Question

Knowing that a 0.90-kg object weighs 9.0 n , find the acceleration of a 0.90-kg stone in free fall .

Answer 1

The acceleration in a free fall would be
`10\; {\rm m\cdot s^(-2)}` at this location.

Step-by-step explanation:

This problem can be solved using Newton's Laws of Motions. By Newton's Laws of Motion, the acceleration of an object can be found by dividing the net force on the object by the mass of the object:

`\displaystyle (\text{acceleration}) = \frac{(\text{net force})}{(\text{mass})}`.

In a free fall, the net force on the object would be equal to gravitational attraction, since that would be the only force acting on the object. Note that gravitational attraction is also knowns as the weight of the object.

`(\text{net force in free fall}) = (\text{weight})`.

The acceleration of the object in the free fall would be:

`\begin{aligned}(\text{acceleration}) &= \frac{(\text{net force})}{(\text{mass})} \\ &= \frac{(\text{weight})}{(\text{mass})}\end{aligned}`.

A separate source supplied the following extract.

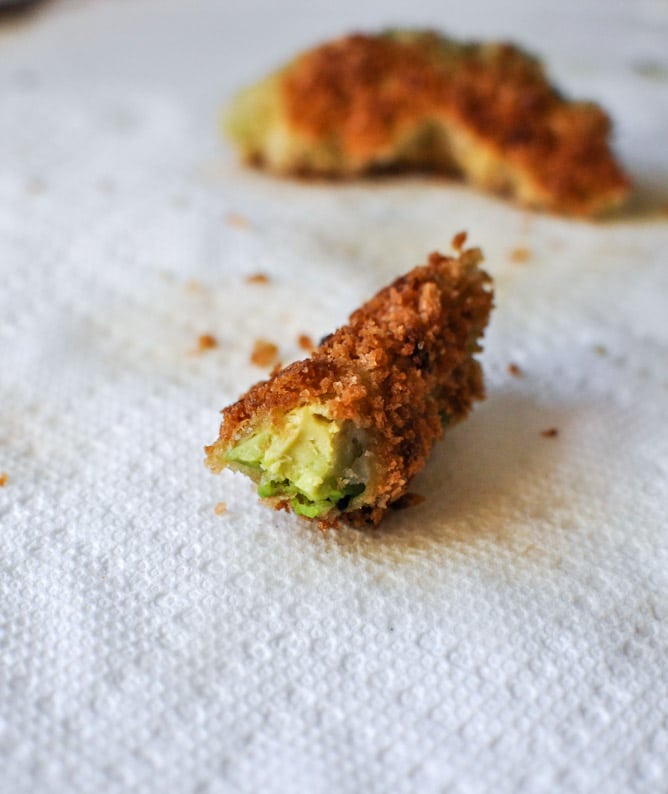 Crispy Avocado BLT Salad I howsweeteats.com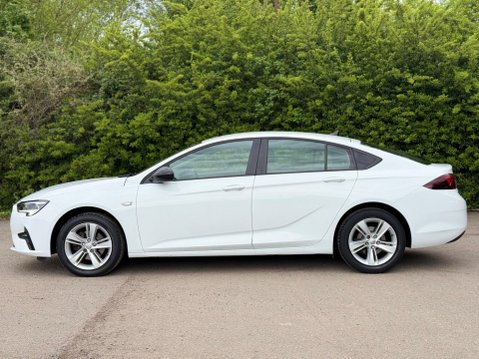 Vauxhall Insignia 1.5 Turbo D SE Nav Grand Sport Euro 6 (s/s) 5dr 3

In other words, the acceleration of the object in the free fall would be equal to the ratio between the weight and mass of the object. For the
`0.90\; {\rm kg}` object with a weight of
`9.0\; {\rm N}`, the free-fall acceleration would be:

`\begin{aligned}(\text{acceleration}) &= \frac{(\text{weight})}{(\text{mass})} \\ &= \frac{9.0\; {\rm N}}{0.90\; {\rm kg}} \\ &= 10\; {\rm m\cdot s^(-2)}\end{aligned}`.

(Note that in standard units,
`1\; {\rm N} = 1\; {\rm kg\cdot m\cdot s^(-2)}`.)

Additionally, at the same location of one particular gravitational field, the acceleration in a free fall is the same regardless of mass. Since the
`0.90\; {\rm kg}` object would accelerate at
`10\; {\rm m\cdot s^(-2)}` in a free fall, the
`0.90\; {\rm kg}` stone would accelerate at the same rate at this location in the gravitational field.